Using pointers like this to provide 'magic' secondary state information
just adds to the fragility of the driver.
So:
Reviewed-by: Nick Hoath <nicholas.hoath@intel.com>
to the original patch.
> -Chris
>
Chris Wilson Dec. 17, 2015, 12:27 p.m. UTC | #5
On Thu, Dec 17, 2015 at 11:09:54AM +0000, Nick Hoath wrote:
> On 16/12/2015 19:30, Chris Wilson wrote:
> >On Wed, Dec 16, 2015 at 07:22:52PM +0000, Dave Gordon wrote:
> >>On 16/12/15 18:57, Chris Wilson wrote:
> >>>On Wed, Dec 16, 2015 at 06:36:49PM +0000, Dave Gordon wrote:
> >>>>Some of the LRC-specific context-destruction code has to special-case
> >>>>the global default context, because the HWSP is part of that context. At
> >>>>present it deduces it indirectly by checking for the backpointer from
> >>>>the engine to the context, but that's an unsafe assumption if the setup
> >>>>and teardown code is reorganised. (It could also test !ctx->file_priv,
> >>>>but again that's a detail that might be subject to change).
> >>>>
> >>>>So here we explicitly flag the default context at the point of creation,
> >>>>and then reorganise the code in intel_lr_context_free() not to rely on
> >>>>the ring->default_pointer (still) being set up; to iterate over engines
> >>>>in reverse (as this is teardown code); and to reduce the nesting level
> >>>>so it's easier to read.
> >>>>
> >>>>Signed-off-by: Dave Gordon <david.s.gordon@intel.com>
> >>>
> >>>#define intel_context_is_global(ctx) ((ctx)->file_priv == NULL)
> >>
> >>The last sentence of the first paragraph of the commit message above
> >>notes that we *could* use that as a test, but I don't regard it as a
> >>safe test, in either direction.
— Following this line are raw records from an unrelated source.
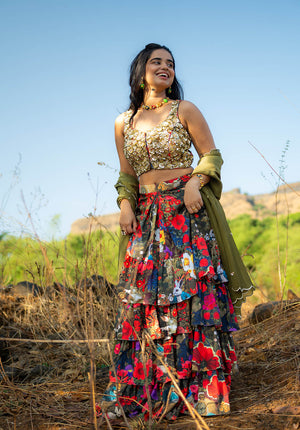 Model in printed skirt and fully embellished blouse with a contrasting dupatta.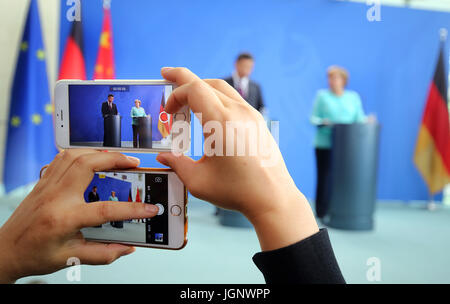 Berlin, Deutschland. 5. Juli 2017. Eine chinesische Journalisten zeichnet eine gemeinsame Presseerklärung der chinesische Präsident Xi Jinping und deutsche Bundeskanzlerin Angela Merkel auf zwei Mobilgeräten in Berlin, Deutschland, 5. Juli 2017. Foto: Wolfgang Kumm/Dpa/Alamy Live News Stockfoto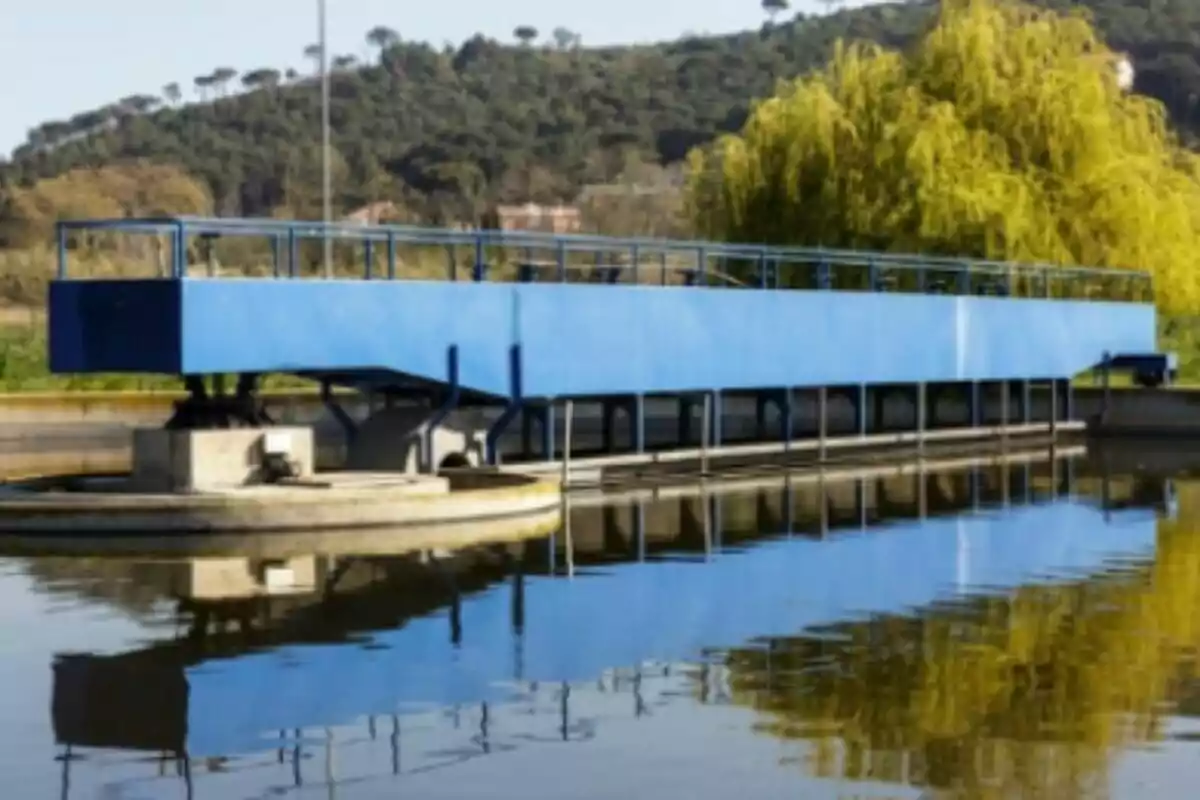 Una estructura blava sobre un cos daigua amb turons i arbres al fons.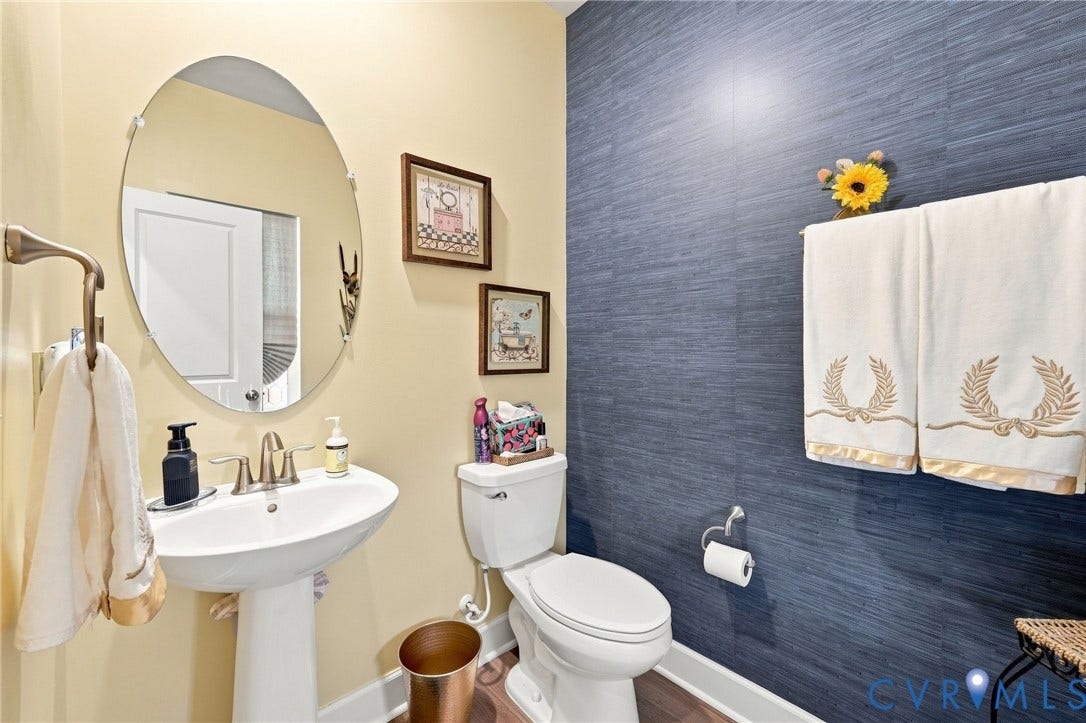 Pedestal sink with brushed nickel faucet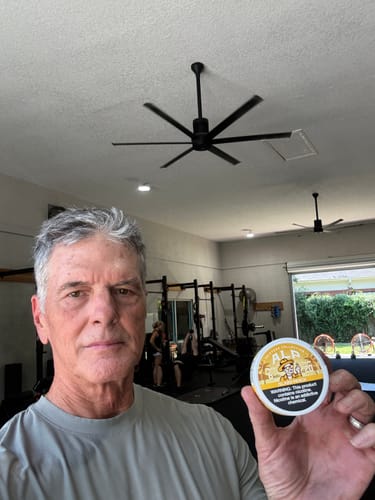 Customer holding a circular, yellow and white can of Drifters Island Peach nicotine pouches in a gym setting.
That is, it could give a false
> >>negative if we someday associate some (internal) fd with the default
> >>context, or (more likely) a false positive if the file association
> >>were broken and the pointer nulled in an earlier stage of the
> >>teardown of a non-global (user-created) context.
> >>
> >>int i915_gem_context_destroy_ioctl(struct drm_device *dev, void *data,
> >>                                    struct drm_file *file)
> >>{
> >>         struct drm_i915_gem_context_destroy *args = data;
> >>         struct drm_i915_file_private *file_priv = file->driver_priv;
> >>         struct intel_context *ctx;
> >>         int ret;
> >>
> >>         if (args->ctx_id == DEFAULT_CONTEXT_HANDLE)
> >>                 return -ENOENT;
> >>
> >>         ret = i915_mutex_lock_interruptible(dev);
> >>         if (ret)
> >>                 return ret;
> >>
> >>         ctx = i915_gem_context_get(file_priv, args->ctx_id);
> >>         if (IS_ERR(ctx)) {
> >>                 mutex_unlock(&dev->struct_mutex);
> >>                 return PTR_ERR(ctx);
> >>         }
> >>
> >>         idr_remove(&ctx->file_priv->context_idr, ctx->user_handle);
> >>         i915_gem_context_unreference(ctx);
> >>         mutex_unlock(&dev->struct_mutex);
> >>
> >>         DRM_DEBUG_DRIVER("HW context %d destroyed\n", args->ctx_id);
> >>         return 0;
> >>}
> >>
> >>At present, i915_gem_context_destroy_ioctl() above removes the
> >>context from the file's list-of-contexts but DOESN'T clear the
> >>ctx->file_priv, which means there's a somewhat inconsistent (but
> >>transient) state during which a soon-to-be-destroyed context links
> >>to a file, but the file doesn't have a link back. It probably
> >>doesn't matter, because the code holds the mutex across the two
> >>operations ...
> >
> >And that the ctx was created to belong to the file still holds true.
> >
> >>... unless of course the context's refcount isn't 1 at this point,
> >>in which case I suppose someone else *might* go from the context to
> >>the file and then be mystified as to why the context isn't on the
> >>list ...
> >>
> >>... and if we changed the code above, then file_priv would *always*
> >>be NULL by the time the destructor was called!
> >>
> >>So it's surely safer to have a flag that explicitly says "I'm the
> >>global default context" than to guess based on some other contingent
> >>property.
> >
> >No, we have a flag that says this context was created belonging to a
> >file, with the corollary that only one context doesn't belong to any
> >file.
> Using pointers like this to provide 'magic' secondary state information
> just adds to the fragility of the driver.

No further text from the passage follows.